2013 Calvin Awards: Best Actor

By Reagen Sulewski

February 21, 2013

I hope the penny stays around forever.

In many respects, the voters of BOP have gone quite mainstream and traditional for Best Actor this year, as we agree with a lot of the critical consensus on the leading male performances this year. Or to put it another way, the critical consensus agrees with us, because we're taste makers like that. Oh yeah. Anyway, since this has been a year with several amazing performances, it isn't even really worth it to start disputing. We do get a few of our idiosyncratic favorites in there of course, but...

The runaway winner for Best Actor this year, even getting votes from Bradley Cooper's mom, is Daniel Day-Lewis for Lincoln as, let me check my notes here... Abraham Lincoln. While it's utterly unsurprising that Day-Lewis would turn in a great performance – it's much easier to count his poor performances than his good to great ones – his ability to amaze has not diminished in the slightest. Recall that this is the same person who played Bill the Butcher and Daniel Plainview, and in this film inhabited the role of Lincoln, whose soft-spoken (albeit fiercely determined) demeanor couldn't be further away from those characters.

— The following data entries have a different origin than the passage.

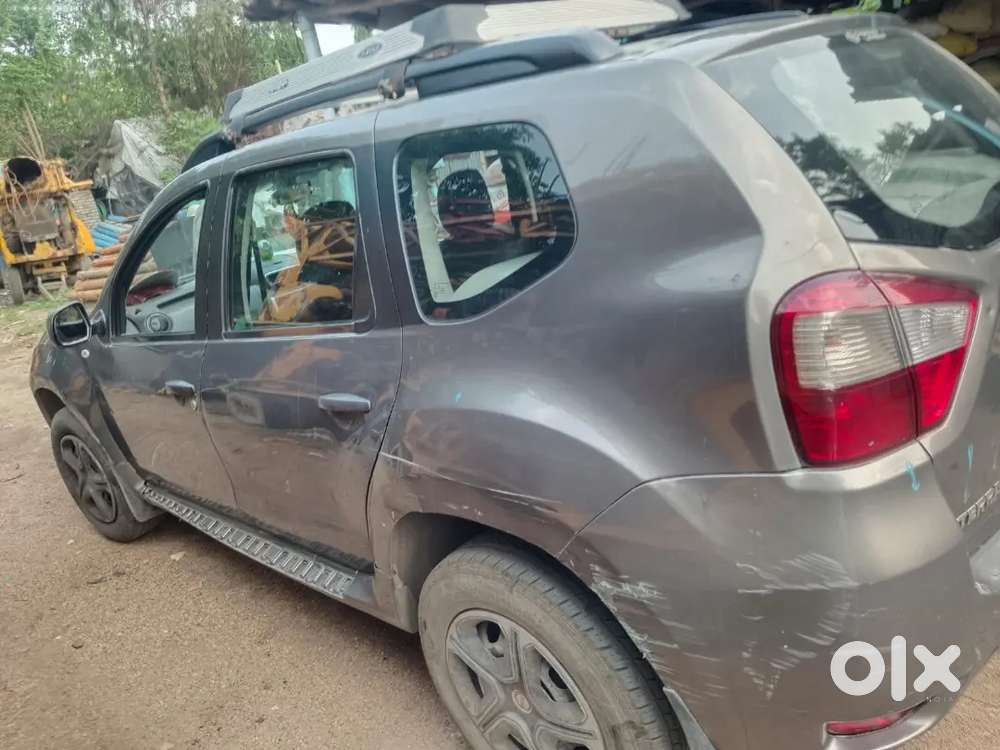 Nissan Terrano 2014 Diesel 286622 Km Driven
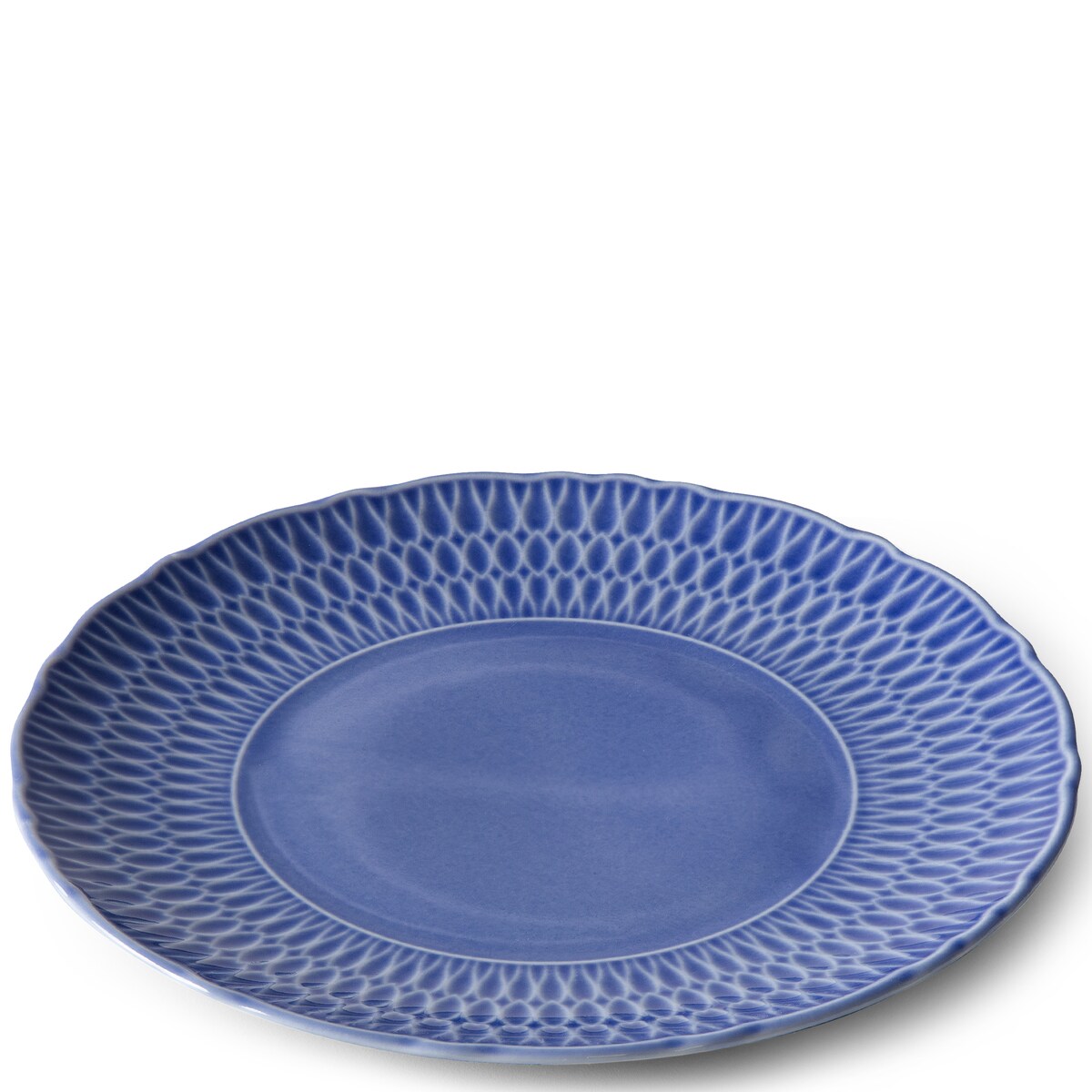 Zestaw kawowy 6 os. (18 el.) SOFIA SZAFIROWA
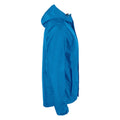 Royal Blue - Side - Clique Unisex Adult Webster Waterproof Jacket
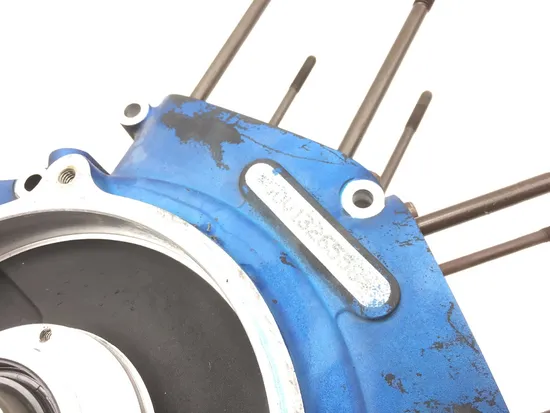 Engine Left Right Center Cases 2001 Harley-Davidson Dyna Low Rider FXDL 2854A x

Famous for going to extraordinary lengths to find authenticity in his characters, I would not be shocked to learn that he actually invented time travel in order to better inform himself about how to play this. Of course, mere mimicry would hardly be worth this kind of praise, and Day-Lewis also found the humanity in a deeply conflicted and principled man who was tested at perhaps the most crucial point in his life. In short, Day-Lewis remains perhaps the most versatile actor of our generation, and continues to prove it at every step.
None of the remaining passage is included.